Exercise objective: Look through the entries below and show every line containing the word "from".

Data records below:

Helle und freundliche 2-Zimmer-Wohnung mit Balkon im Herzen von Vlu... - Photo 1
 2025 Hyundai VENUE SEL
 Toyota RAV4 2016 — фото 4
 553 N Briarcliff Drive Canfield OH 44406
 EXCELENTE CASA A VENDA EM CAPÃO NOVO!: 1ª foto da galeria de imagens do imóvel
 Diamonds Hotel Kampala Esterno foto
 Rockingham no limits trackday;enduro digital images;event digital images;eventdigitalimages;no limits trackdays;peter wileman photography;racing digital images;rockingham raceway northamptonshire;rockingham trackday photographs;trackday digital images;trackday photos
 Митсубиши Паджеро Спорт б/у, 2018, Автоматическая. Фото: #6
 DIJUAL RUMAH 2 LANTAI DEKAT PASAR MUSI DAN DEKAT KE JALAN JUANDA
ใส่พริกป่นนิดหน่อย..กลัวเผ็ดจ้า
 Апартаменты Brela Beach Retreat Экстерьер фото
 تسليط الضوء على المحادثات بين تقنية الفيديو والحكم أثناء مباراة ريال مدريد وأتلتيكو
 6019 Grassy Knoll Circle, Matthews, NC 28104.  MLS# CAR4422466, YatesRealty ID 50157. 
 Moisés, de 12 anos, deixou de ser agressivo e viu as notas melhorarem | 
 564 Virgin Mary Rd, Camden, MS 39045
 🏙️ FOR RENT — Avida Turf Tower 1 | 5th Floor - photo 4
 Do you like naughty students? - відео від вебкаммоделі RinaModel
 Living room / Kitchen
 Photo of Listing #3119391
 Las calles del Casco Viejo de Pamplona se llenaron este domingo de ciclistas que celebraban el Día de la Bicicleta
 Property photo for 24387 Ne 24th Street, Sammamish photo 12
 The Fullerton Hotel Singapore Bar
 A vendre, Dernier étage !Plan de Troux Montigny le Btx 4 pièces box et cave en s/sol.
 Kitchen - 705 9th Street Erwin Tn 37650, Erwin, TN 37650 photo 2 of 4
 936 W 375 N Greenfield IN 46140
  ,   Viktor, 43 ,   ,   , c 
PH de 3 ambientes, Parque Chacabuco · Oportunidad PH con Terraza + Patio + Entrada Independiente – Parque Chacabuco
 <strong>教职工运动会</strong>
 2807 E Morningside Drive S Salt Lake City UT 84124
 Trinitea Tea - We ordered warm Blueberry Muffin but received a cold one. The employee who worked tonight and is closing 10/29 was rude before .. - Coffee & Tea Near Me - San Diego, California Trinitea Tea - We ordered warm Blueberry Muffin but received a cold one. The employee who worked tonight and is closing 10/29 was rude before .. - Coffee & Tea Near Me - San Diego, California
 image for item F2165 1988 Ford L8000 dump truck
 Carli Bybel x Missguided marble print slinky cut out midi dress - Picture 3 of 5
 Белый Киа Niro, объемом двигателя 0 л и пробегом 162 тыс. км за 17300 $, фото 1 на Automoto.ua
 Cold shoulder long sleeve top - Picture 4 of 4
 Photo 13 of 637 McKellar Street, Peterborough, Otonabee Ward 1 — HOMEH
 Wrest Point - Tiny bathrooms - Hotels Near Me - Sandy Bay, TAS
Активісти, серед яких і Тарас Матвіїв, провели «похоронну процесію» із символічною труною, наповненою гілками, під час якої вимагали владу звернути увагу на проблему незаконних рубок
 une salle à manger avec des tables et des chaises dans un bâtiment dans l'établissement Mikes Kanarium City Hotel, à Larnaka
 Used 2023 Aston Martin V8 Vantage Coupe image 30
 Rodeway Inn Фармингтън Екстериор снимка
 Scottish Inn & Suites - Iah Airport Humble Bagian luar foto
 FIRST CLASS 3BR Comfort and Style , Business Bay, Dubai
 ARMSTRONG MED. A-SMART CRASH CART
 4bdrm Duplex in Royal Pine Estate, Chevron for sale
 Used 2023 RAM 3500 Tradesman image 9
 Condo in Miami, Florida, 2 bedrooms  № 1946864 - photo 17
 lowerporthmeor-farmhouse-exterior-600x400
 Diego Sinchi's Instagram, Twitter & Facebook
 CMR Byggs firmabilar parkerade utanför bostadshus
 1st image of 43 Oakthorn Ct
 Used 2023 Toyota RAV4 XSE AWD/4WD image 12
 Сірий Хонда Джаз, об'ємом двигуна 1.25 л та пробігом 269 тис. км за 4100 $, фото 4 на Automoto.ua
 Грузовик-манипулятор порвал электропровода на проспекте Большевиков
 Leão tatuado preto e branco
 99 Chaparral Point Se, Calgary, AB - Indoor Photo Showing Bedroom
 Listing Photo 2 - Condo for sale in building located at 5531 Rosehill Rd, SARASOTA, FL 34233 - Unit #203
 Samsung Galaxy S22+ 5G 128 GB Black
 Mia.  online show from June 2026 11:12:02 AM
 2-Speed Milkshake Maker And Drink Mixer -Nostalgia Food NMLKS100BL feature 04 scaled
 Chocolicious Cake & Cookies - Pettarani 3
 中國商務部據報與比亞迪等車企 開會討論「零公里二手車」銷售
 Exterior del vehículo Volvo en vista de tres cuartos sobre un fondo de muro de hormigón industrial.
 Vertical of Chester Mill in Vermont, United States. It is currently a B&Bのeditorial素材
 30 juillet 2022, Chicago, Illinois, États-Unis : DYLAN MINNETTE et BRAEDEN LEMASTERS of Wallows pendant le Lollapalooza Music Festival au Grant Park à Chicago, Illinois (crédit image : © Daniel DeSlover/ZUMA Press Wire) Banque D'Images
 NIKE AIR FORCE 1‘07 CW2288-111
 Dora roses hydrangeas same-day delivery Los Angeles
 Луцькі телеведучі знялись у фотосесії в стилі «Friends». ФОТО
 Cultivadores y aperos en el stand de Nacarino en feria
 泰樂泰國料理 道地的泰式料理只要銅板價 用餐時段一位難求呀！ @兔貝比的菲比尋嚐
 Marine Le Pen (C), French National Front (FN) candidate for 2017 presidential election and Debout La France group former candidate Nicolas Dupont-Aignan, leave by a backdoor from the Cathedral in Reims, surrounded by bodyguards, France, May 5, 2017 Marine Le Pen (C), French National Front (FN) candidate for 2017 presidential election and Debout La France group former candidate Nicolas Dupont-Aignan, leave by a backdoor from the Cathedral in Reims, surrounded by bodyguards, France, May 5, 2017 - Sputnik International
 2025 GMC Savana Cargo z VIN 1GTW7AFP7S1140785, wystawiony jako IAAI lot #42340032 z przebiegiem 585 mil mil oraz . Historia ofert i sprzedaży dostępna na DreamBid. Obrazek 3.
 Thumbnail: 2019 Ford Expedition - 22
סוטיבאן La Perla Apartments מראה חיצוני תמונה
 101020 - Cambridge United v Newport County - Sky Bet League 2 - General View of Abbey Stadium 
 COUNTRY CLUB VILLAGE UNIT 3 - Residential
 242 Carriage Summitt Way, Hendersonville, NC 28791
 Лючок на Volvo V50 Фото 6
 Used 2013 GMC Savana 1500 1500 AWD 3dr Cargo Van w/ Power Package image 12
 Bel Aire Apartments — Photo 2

End of Data records.

Response below:
 Mia.  online show from June 2026 11:12:02 AM
 Marine Le Pen (C), French National Front (FN) candidate for 2017 presidential election and Debout La France group former candidate Nicolas Dupont-Aignan, leave by a backdoor from the Cathedral in Reims, surrounded by bodyguards, France, May 5, 2017 Marine Le Pen (C), French National Front (FN) candidate for 2017 presidential election and Debout La France group former candidate Nicolas Dupont-Aignan, leave by a backdoor from the Cathedral in Reims, surrounded by bodyguards, France, May 5, 2017 - Sputnik International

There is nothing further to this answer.